Richard Spies of Pan American Energy (PAE), Argentina’s largest private oil and gas operator, discusses the strategic importance of PAE to parent company BP, the company’s conventional and unconventional plays in Argentina, and the future of the country’s oil and gas industry.

How strategically important is PAE to BP considering that the latter owns some 60 percent of Pan American Energy?

I am proud to affirm that we have demonstrated potential in each and every area where we undertake operations.

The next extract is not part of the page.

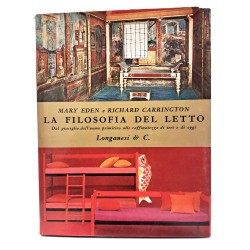 La filosofia del letto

As CEO, it is my responsibility to ensure that the global management board understands the continued relevance of an entity like PAE to the company’s overall portfolio of assets. At the end of the day, however, the figures speak for themselves. What I would point out is that PAE is roughly the same size (probably even a little bit bigger) than it was prior BP’s well-documented issues in the Gulf of Mexico. Today BP is a smaller company than it was before. So, BP has contracted and PAE is growing and, therefore, comparatively our weighting is more significant than ever before.

PAE in notable for being the largest private E&P Company in Argentina: enjoying a respective market share of 20 and 16 percent of oil and gas production. With a portfolio that straddles 4 different conventional and unconventional oil and gas basins, what would you define as your most performing assets?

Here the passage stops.